『デトロイト美術館展』『ゴッホとゴーギャン展』(1)

上野の森美術館で『デトロイト美術館展』、東京都美術館で『ゴッホとゴーギャン展』を開催しています。ゴッホを主軸として観ることにしました。ゴッホは何を見ていたのかという視点も気にかかります。ところがいつもながらの力なさで、そこに個人の好みの視点を入れると、ガラガラとゴッホが崩れていくようで、ただその瓦礫を拾っているような気分もしてきます。

『デトロイト美術館展』では、ゴッホがパリで見聞きし影響を受けたであろう雰囲気を印象派やポスト印象派などの絵の中から味わい、『ゴッホとゴーギャン展』では、ゴッホとゴーギャンの関係を感じとるようにしようと思いました。
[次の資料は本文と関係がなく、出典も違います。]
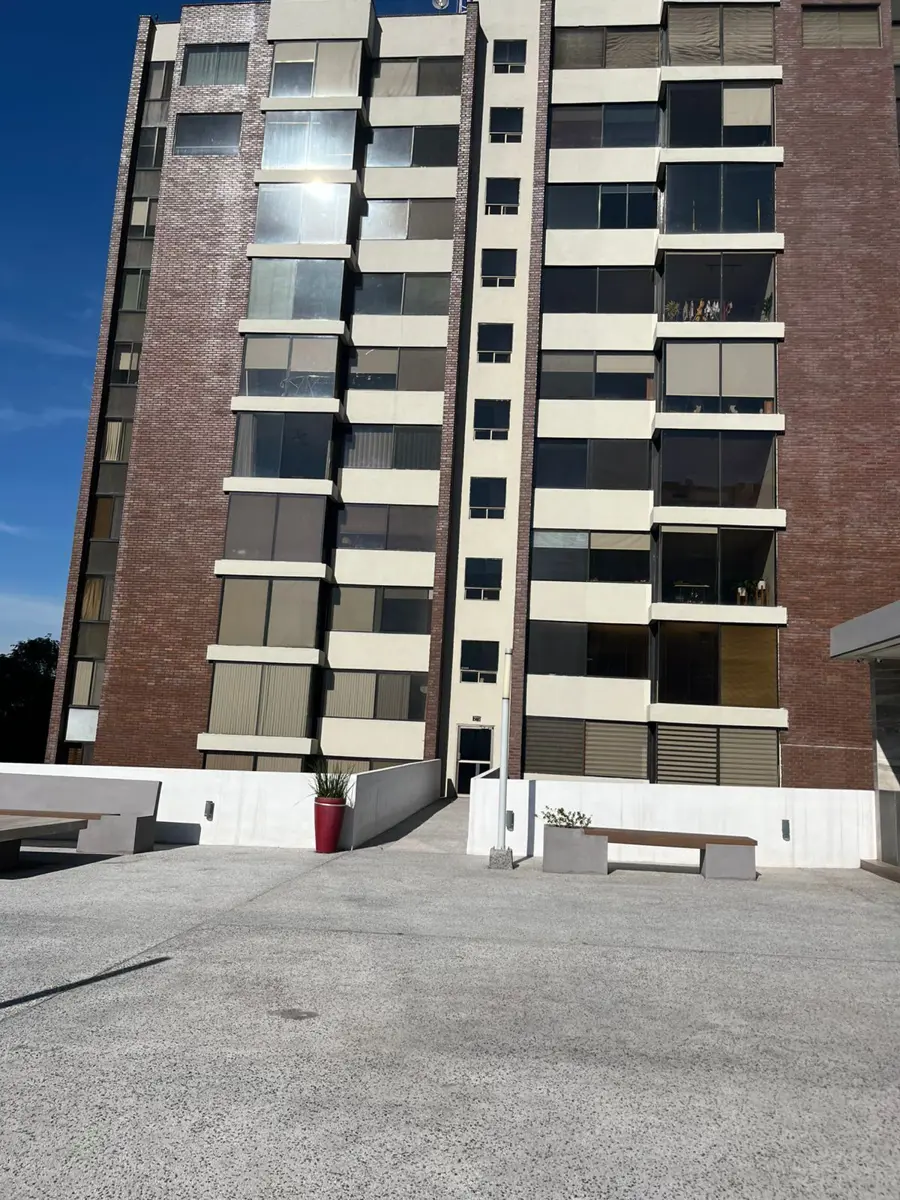 Departamento en renta en Fuentes del Valle, San Pedro Garza García — foto 1 de 17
これまた難しい。今までの観て来た眼力では横道にそれるか、再構成力のなさから袋に瓦礫を入れてそれを静かにそこへ置くだけという状態です。

デトロイト美術館展』に入ってまず驚いたのが、写真OKだったことです。月曜日と火曜日がOKなのです。写真を上手く撮ろうとすると時間がかかり観る眼が中断されてしまうので、全部みてから邪魔にならないようにピンとはそこそこに気になった作品を写しましたが、その人の好みで曜日を選んだ方が良いでしょう。
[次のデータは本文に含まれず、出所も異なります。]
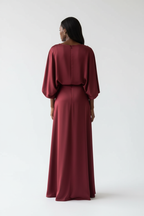  Détails dos de la Robe Maxi Manches Chauve-Souris Black-Coat bordeaux - montrant la silhouette sophistiquée et la longueur maxi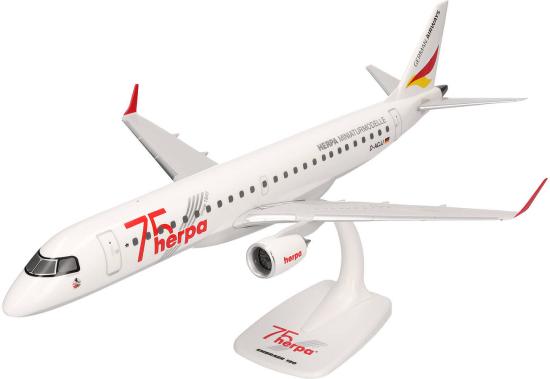 Herpa Embraer E190 Modellflugzeug in weiß mit roten Akzenten auf Kunststoffständer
解説文は写して置いて参考になりましたが、実物の絵と写真では全然比較になりません。絵は自分の眼に焼き付ける時間をとったほうがいいという結論でした。

ゴッホの黄色い麦わら帽子をかぶった自画像の麦わら帽子の感覚が写真ではとらえられないのです。とにかくゴッホの絵の具の凹凸感は、写真では無理です。
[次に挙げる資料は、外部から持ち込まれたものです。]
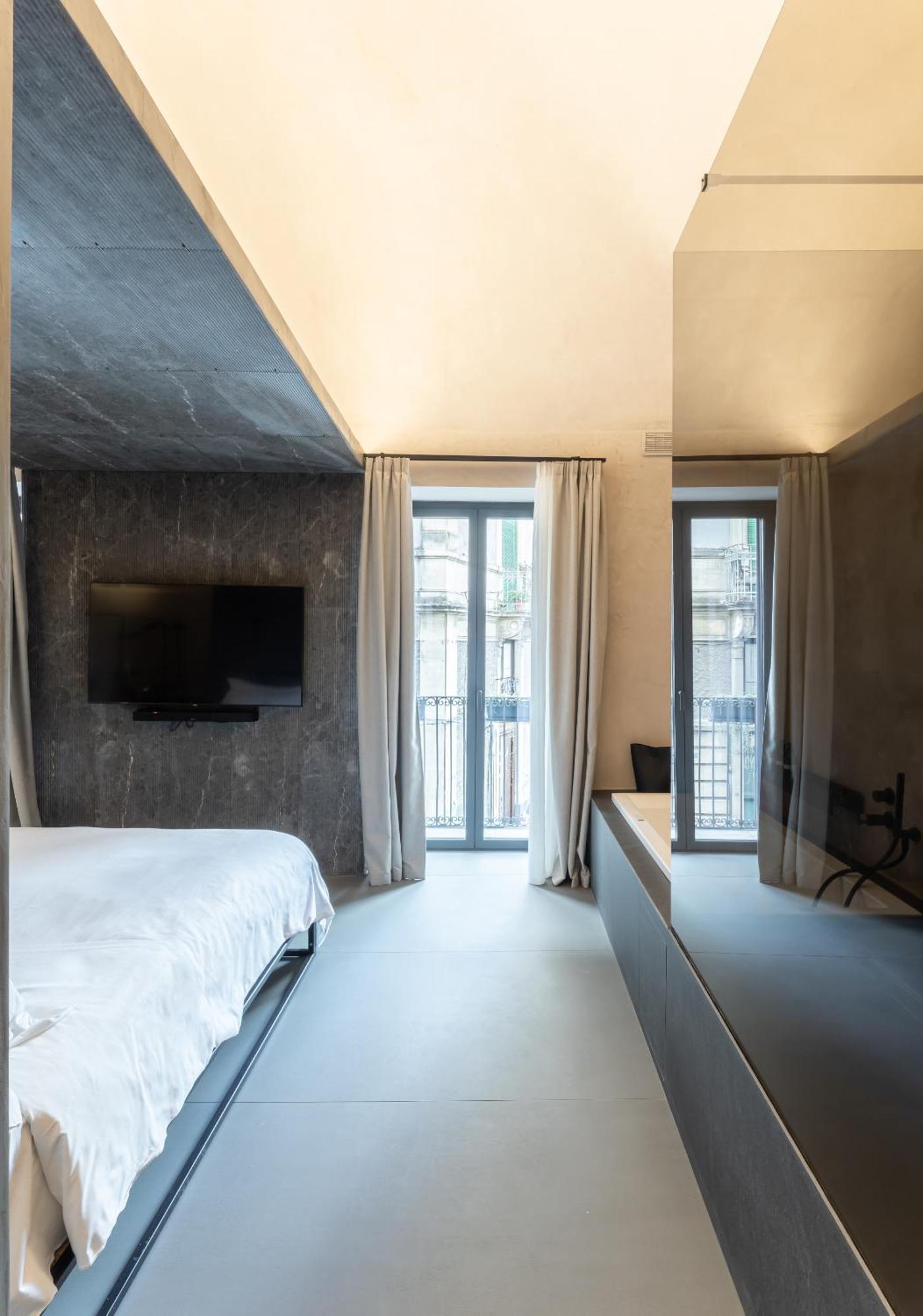 Terme Di Bacco - Design Apartaments And Spa คาตาเนีย ภายนอก รูปภาพ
ゴッホの麦わら帽子の色一つとっても変化をします。その中でこれだけ黄色い麦わら帽子の色の絵はないでしょう。それも筆触が絵の具の量であらわすかのように多いのです。明るさに反撃しているようにもおもえます。

『志村ふくみ展』の図録で、高階秀爾さんが、志村さんの日本独特の美意識の例として茶と鼠を挙げていることに対して、印象派のことにも触れて書かれています。茶と鼠は地味で暗い色の感じの色で、印象派の画家たちがパレットから追放した色であるが、日本人は、四十八茶百鼠(しじゅうはっちゃひゃくねずみ)というほど多様な色を認めていたと。茶と鼠は江戸の粋な色でもあったんですよね。

ゴッホは、暗い色から始めています。ゴッホは四十八茶百鼠のように、わずかな色の違いを感じていて、その色を捨てていけなかったのかもしれません。パリでその新しさを吸収しつつ闘い、細い線描の集まりの自分の顔に対して、麦わら帽子に太い筆触をもってくるあたりにも、闘いそのものが感じられます。

セザンヌの「サント=ヴィクトワール山」などは、いかに平板に描くかを試みていたのだそうで、そういう試み方もあって描いていたのかとはじめて知りました。

その後のピカソにいたると、「座る女性」などは茶と鼠色だけで、絵画史の流れにとらわれない独自の色の使いかたをしているように思えますし、愉しくなるような色の組み合わせもありますし、また少し楽しみかたが増えました。

ゴッホの自画像は、パリの新しい風になじもうとしつつも自分の絵に迷いが生じ、その絵が売れるかどうかによって決まる絵の価値に対する反逆など、あらゆることが含まれている自画像です。

ゴッホのもう一枚は「オワーズ川の岸辺、オーヴェールにて」はこれからボートを楽しむ人々の姿がある風景ですが、川は直線のタッチで周りの木々の葉は曲線のタッチで男性は黒で縁書きされていて、赤系の色も少し入り、一枚の絵に今捨てきれないすべてをえがきこむゴッホの姿があるようにおもえました。ゴッホは二枚でしたが、少ないだけに細かく見入りました。

この展覧会では、出口のそばに凹凸感もある手でさわれる複製画があります。ゴッホとセザンヌの絵もあって、ゴッホとセザンヌは実物の絵を観ていて触りたいとおもいましたので粋な試みでした。